Simply glad to be alive on the Settle Loop

The 205 mile long Pennine Bridleway has two included loops. The first is the 47 mile Mary Towneley Loop that I completed on my way up from Middleton Top. The second is the ten mile Settle Loop. My plan was to traipse round it in a few hours and call the remainder a day off in Settle. But first I had the aftermath of a night of torrential rain to contend with.

Day Ten. Kings Field, Barnoldswick to Settle 18.25 miles, 2016 feet ascent. 22.54 miles, 3001 feet ascent, to wildcamp that night on the Settle Loop

My walk from Barnoldswick to Settle on day ten on the Pennine Bridleway had been 18.85 miles. However I wasn’t staying in town that night and I carried on out of town looking for a pitch for the night. After a steep climb out of Settle I reached the point where the trail again divided, one branch going left and continuing the linear trail, the right branch beginning the Settle Loop, I turned right onto the loop. The couple of miles of the Settle Loop that actually pass through Settle are included in the main trail so I was now already two miles into the loop.

1.79 miles from Settle I passed a small old cow shed and briefly considered halting there as I was now ascending into worsening weather and had also seen both sheep and cows all around me. Sheep don’t bother me but I always try and get away from the latter if camping as I am wary about their trampling a tent and occupant.

Looking at the map I could see there was a small plantation that I thought I might be able to tuck myself away in so I carried on to there. However once I arrived at the open gate through which I could see the wood, and having made a sodden walk across the cow trodden field of mud and shit I found that the interior resembled an artillery shelled no-mans land. But no, it had simply been accommodating cows for some weeks and they had trodden every patch of ground beyond anything that could take a shelter. I turned about and headed back the way I had come, retreating back down the hill to the little cow shed passed earlier.
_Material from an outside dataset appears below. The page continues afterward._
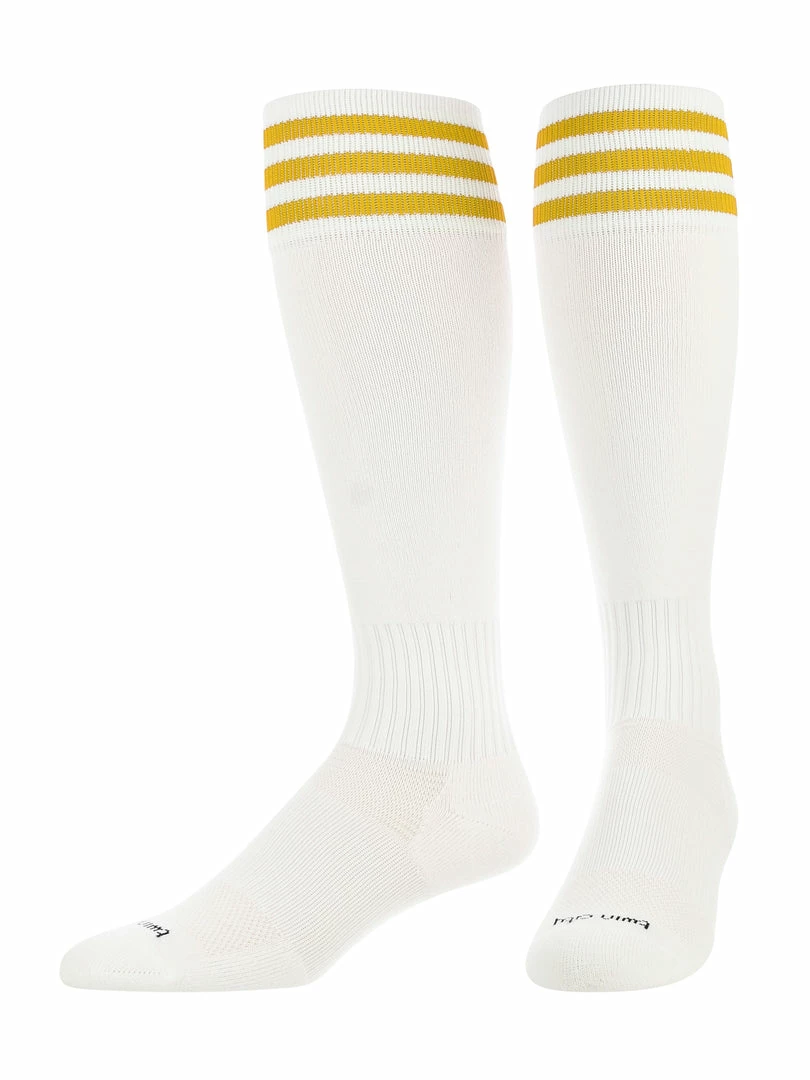Top 10 ๐ TCK Soccer ๐งฆ Socks With Stripes- For Boys Or ๐ง Girls- Men Or ๐ฉ Women - Extra Cross-Stretch For Shin Guards ๐ 21 TCK Soccer Socks With Stripes- For Boys Or Girls- Men Or Women - Extra Cross-Stretch For Shin Guards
Starting the Settle Loop the previous evening I originally had my sight on a nights camp in a small plantation about a mile into the loop. Trodden by cows, it was a mudfest and completely unsuitable and I needed to retreat back the way I had come in search of a better location
Starting the Settle Loop the previous evening I originally had my mind on a nights wildcamp in a small plantation about a mile into the loop. Trodden by cows, it was a mudfest and completely unsuitable and I needed to retreat back the way I had come in search of a better location

As it was, that location provided a small field behind it where I was sheltered and hidden from the trail by a dry stone wall. It was flat and had nothing grazing nearby larger than a rabbit. It was, in the gathering swirling wet cloud, an adequate, nay, perfectly good, pitch for the night. Day ten, including my end-of-day backtracking, had been around 22.5 miles. Excluding that fruitless wander further on, it was actually 20.64 miles from my wildcamp at Barnoldswick to where I was now, with 2753 feet of ascent.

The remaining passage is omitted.